Well Betty pretty much nailed it with that one. So why is the church involved? It’s just like government. They want to regulate marriage so they can cash in, not to mention keep their followers in line. You’re far more likely to keep those tithes and offerings rollin’ in, if you fear eternal punishment for bailing out of your marriage. Personally, when it comes to offerings to the Lord, I prefer to give directly to God, rather than through a mere representative. Here’s what I do: I take a wad of dollar bills, throw them up in the air, and utter a brief prayer “ Lord, takest what Thy want.” Everything that falls back to earth is mine, the rest is the Lords.

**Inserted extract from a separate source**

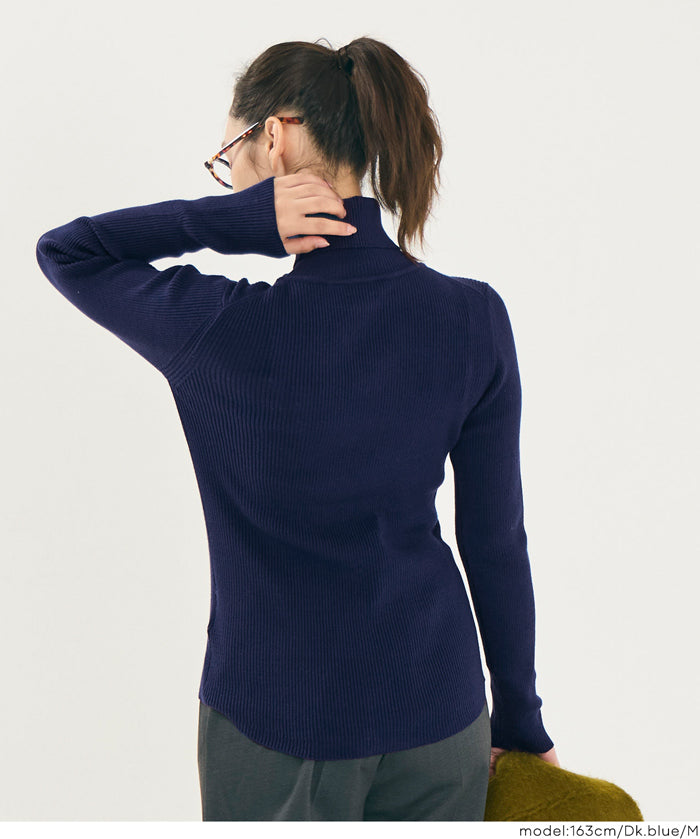 輕量 基礎百搭長袖高領針織上衣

Point #2: Marriage never happens at a convenient time. I got married at age 22, but I could have used it more at age 15, than I need now at age 63.
Point #3: Marriage is a loosing proposition. It’s a given fact that 50% of marriages will fail. With odds like that, it’s little more than a crap-shoot, not something you’d want to get totally invested in.
Point #4; Marriage is expensive. There’s not much in start-up costs, just a license, the cost of which ranges somewhere between what it takes to make your dog Rover legal to a Liquor license. It’s getting out of business that’s expensive. If you can’t get a good lawyer, you could loose half your assets, not to mention your ass itself.
Here’s a few truisms about marriage, one may want to consider before committing yourself to that institution:
Men want three qualities in a wife: Economist in the kitchen; artist in the home; and a devil in bed. What they get is: an artist in the kitchen; a devil at home; and an economist in bed.
Getting married is very much like going to a restaurant with friends. You order what you want, and then when you see what the others have, you wish you had ordered that.
Well it’s a good thing my wife refuses to read my blog. She thinks it’s degrading, and that I am humiliating her in front of the whole world. Wonder what my Alexa score would be if that was true??